> EXERCISE INPUT:

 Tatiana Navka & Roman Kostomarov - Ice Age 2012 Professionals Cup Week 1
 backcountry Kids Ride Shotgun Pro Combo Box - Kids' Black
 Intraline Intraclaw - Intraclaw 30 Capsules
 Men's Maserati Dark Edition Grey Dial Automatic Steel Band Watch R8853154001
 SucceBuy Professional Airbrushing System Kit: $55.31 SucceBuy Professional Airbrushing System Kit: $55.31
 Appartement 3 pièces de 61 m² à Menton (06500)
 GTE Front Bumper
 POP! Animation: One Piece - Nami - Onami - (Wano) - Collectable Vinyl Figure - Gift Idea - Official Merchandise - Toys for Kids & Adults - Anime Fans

==

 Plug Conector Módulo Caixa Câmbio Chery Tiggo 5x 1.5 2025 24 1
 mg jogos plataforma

--

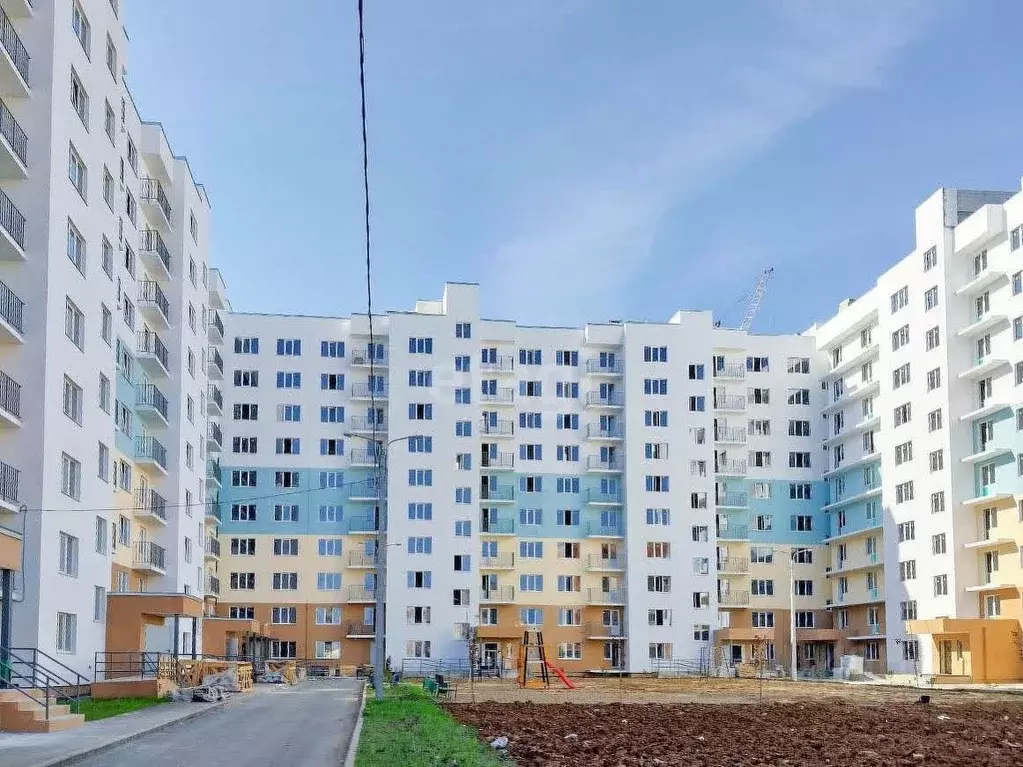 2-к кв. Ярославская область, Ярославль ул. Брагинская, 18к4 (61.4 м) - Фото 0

> YOUR INSTRUCTIONS: Retype word for word everything in the listing above from the line that holds "GTE Front Bumper" down to the line that holds "POP! Animation: One". Keep both end lines and leave out the rest.

> EXERCISE ANSWER:
 GTE Front Bumper
 POP! Animation: One Piece - Nami - Onami - (Wano) - Collectable Vinyl Figure - Gift Idea - Official Merchandise - Toys for Kids & Adults - Anime Fans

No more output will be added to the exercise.